Task item: Repeat the data below in full and exactly.

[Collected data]

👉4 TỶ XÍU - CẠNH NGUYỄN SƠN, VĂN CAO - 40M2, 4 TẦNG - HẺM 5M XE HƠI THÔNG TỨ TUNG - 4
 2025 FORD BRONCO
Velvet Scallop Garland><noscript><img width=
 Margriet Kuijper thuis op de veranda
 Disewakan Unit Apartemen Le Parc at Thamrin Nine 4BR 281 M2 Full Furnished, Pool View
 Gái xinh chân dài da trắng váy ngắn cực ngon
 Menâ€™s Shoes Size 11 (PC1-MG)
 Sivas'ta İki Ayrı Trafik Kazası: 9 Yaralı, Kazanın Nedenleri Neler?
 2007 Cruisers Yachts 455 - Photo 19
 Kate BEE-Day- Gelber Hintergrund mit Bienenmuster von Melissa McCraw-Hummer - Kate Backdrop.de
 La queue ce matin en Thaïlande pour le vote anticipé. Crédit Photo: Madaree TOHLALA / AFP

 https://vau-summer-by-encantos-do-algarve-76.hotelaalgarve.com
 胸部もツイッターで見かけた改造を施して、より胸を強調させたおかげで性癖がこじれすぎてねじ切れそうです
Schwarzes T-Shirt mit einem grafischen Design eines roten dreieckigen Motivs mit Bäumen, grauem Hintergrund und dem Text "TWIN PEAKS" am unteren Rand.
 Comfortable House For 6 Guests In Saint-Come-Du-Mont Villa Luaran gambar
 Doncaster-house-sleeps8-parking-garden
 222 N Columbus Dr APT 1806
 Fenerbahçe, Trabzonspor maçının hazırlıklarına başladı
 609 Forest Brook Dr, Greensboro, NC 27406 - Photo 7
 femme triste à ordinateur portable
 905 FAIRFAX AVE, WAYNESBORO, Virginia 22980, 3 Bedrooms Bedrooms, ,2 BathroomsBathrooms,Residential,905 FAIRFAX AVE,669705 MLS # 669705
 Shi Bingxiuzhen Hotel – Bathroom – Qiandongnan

Response to the task:
👉4 TỶ XÍU - CẠNH NGUYỄN SƠN, VĂN CAO - 40M2, 4 TẦNG - HẺM 5M XE HƠI THÔNG TỨ TUNG - 4
 2025 FORD BRONCO
Velvet Scallop Garland><noscript><img width=
 Margriet Kuijper thuis op de veranda
 Disewakan Unit Apartemen Le Parc at Thamrin Nine 4BR 281 M2 Full Furnished, Pool View
 Gái xinh chân dài da trắng váy ngắn cực ngon
 Menâ€™s Shoes Size 11 (PC1-MG)
 Sivas'ta İki Ayrı Trafik Kazası: 9 Yaralı, Kazanın Nedenleri Neler?
 2007 Cruisers Yachts 455 - Photo 19
 Kate BEE-Day- Gelber Hintergrund mit Bienenmuster von Melissa McCraw-Hummer - Kate Backdrop.de
 La queue ce matin en Thaïlande pour le vote anticipé. Crédit Photo: Madaree TOHLALA / AFP

 https://vau-summer-by-encantos-do-algarve-76.hotelaalgarve.com
 胸部もツイッターで見かけた改造を施して、より胸を強調させたおかげで性癖がこじれすぎてねじ切れそうです
Schwarzes T-Shirt mit einem grafischen Design eines roten dreieckigen Motivs mit Bäumen, grauem Hintergrund und dem Text "TWIN PEAKS" am unteren Rand.
 Comfortable House For 6 Guests In Saint-Come-Du-Mont Villa Luaran gambar
 Doncaster-house-sleeps8-parking-garden
 222 N Columbus Dr APT 1806
 Fenerbahçe, Trabzonspor maçının hazırlıklarına başladı
 609 Forest Brook Dr, Greensboro, NC 27406 - Photo 7
 femme triste à ordinateur portable
 905 FAIRFAX AVE, WAYNESBORO, Virginia 22980, 3 Bedrooms Bedrooms, ,2 BathroomsBathrooms,Residential,905 FAIRFAX AVE,669705 MLS # 669705
 Shi Bingxiuzhen Hotel – Bathroom – Qiandongnan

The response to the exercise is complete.